## Work task
Write out the entries below exactly, but only from the line containing "Straw Hat Cat Cat Explode GIF" through the line containing "丛生紫槿（庭院小区观赏花紫槿树室外花卉植物紫槿）", and without the pictures.

## Record extracts
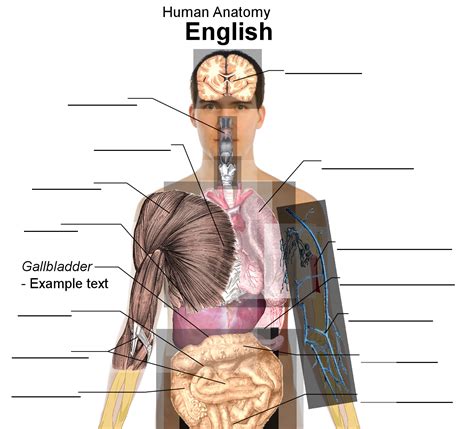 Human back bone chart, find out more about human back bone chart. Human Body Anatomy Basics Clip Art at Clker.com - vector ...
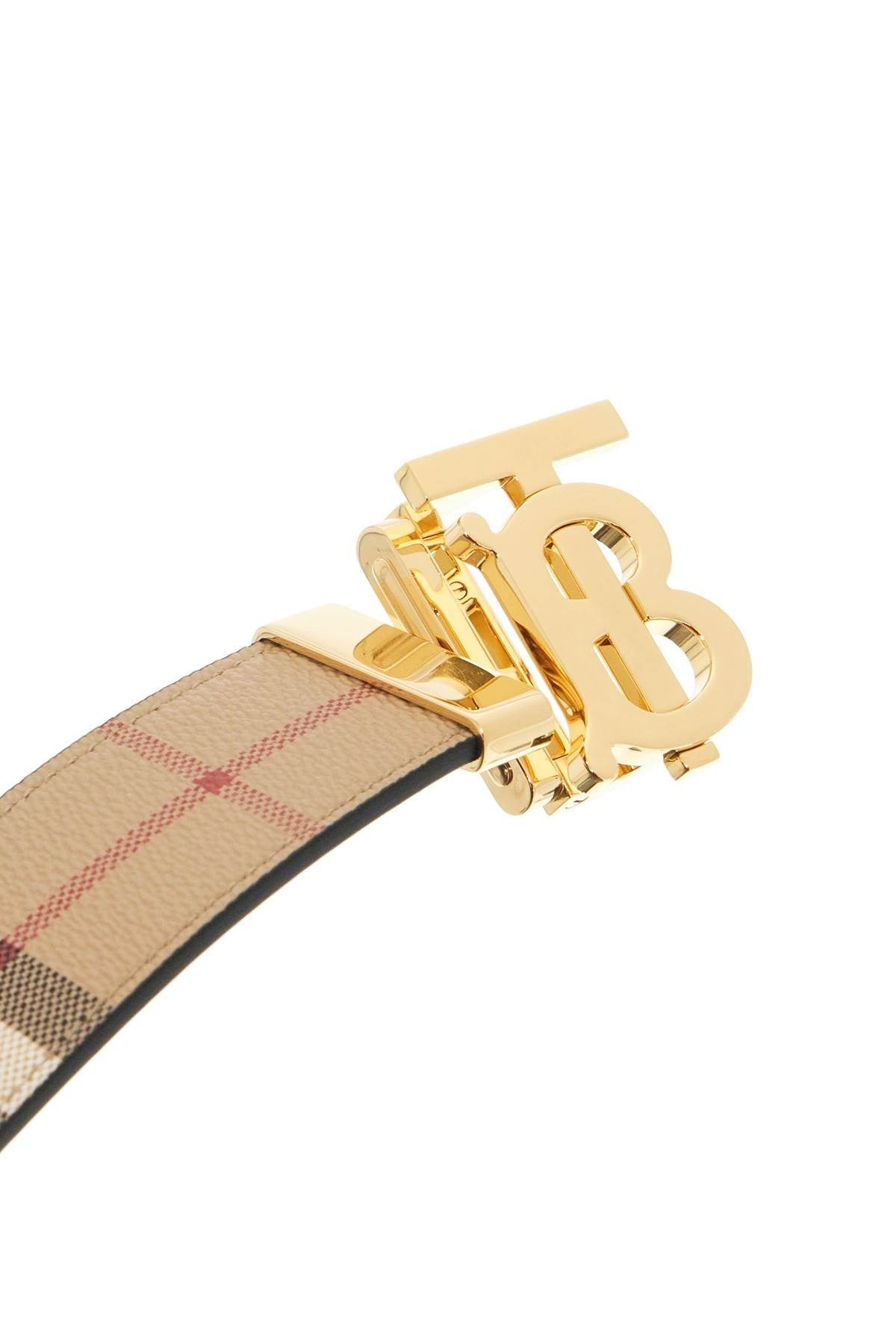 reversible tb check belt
* * *
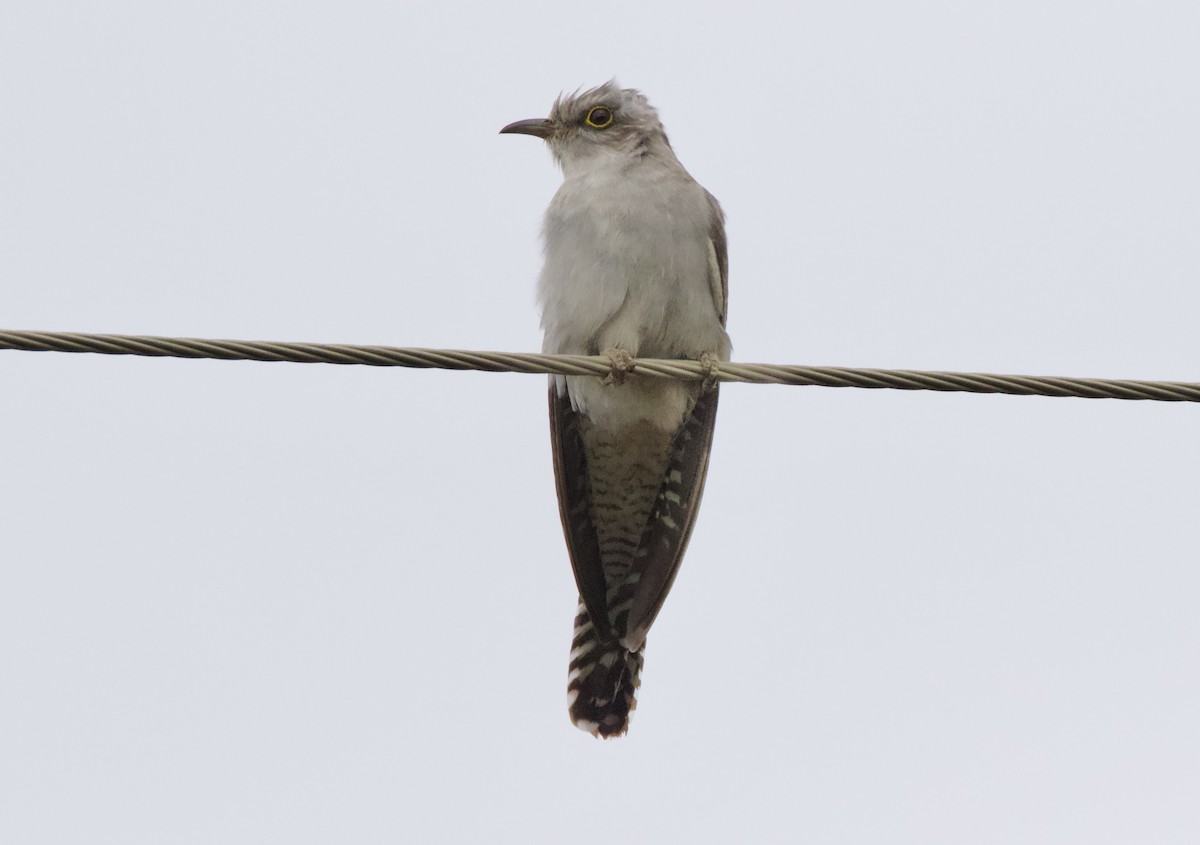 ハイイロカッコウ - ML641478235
---
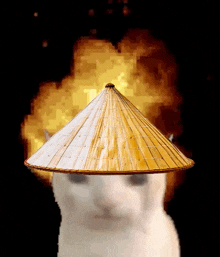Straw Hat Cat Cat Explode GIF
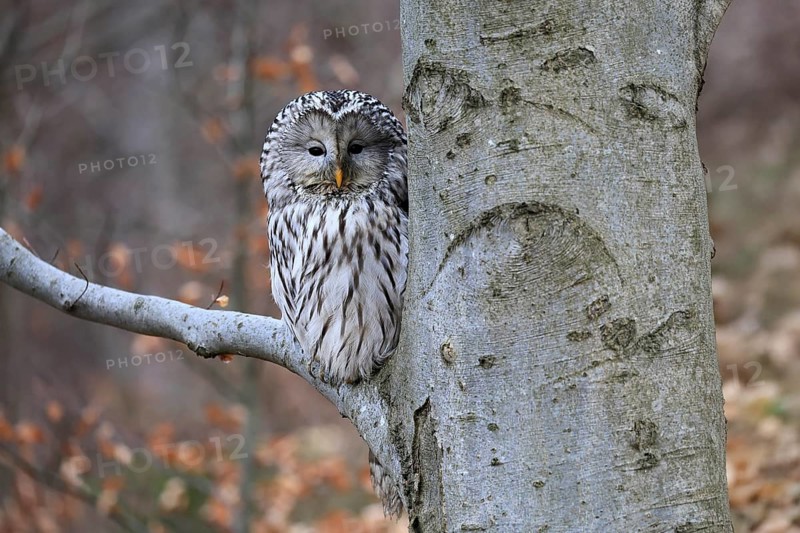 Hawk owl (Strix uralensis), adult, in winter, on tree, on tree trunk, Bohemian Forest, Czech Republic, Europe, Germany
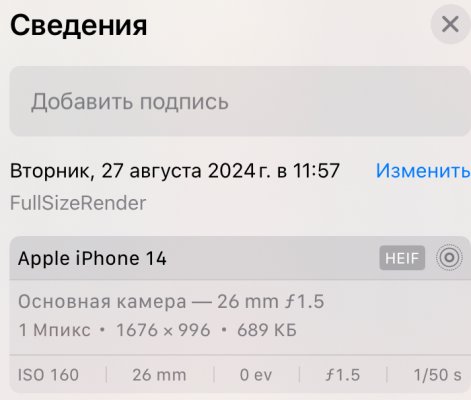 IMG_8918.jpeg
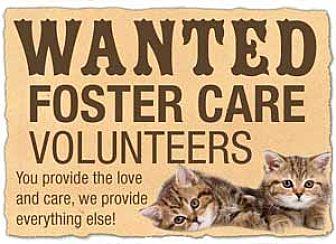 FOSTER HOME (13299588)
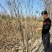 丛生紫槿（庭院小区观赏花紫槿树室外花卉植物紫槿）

## Exercise response
Straw Hat Cat Cat Explode GIF
 Hawk owl (Strix uralensis), adult, in winter, on tree, on tree trunk, Bohemian Forest, Czech Republic, Europe, Germany
 IMG_8918.jpeg
 FOSTER HOME (13299588)
 丛生紫槿（庭院小区观赏花紫槿树室外花卉植物紫槿）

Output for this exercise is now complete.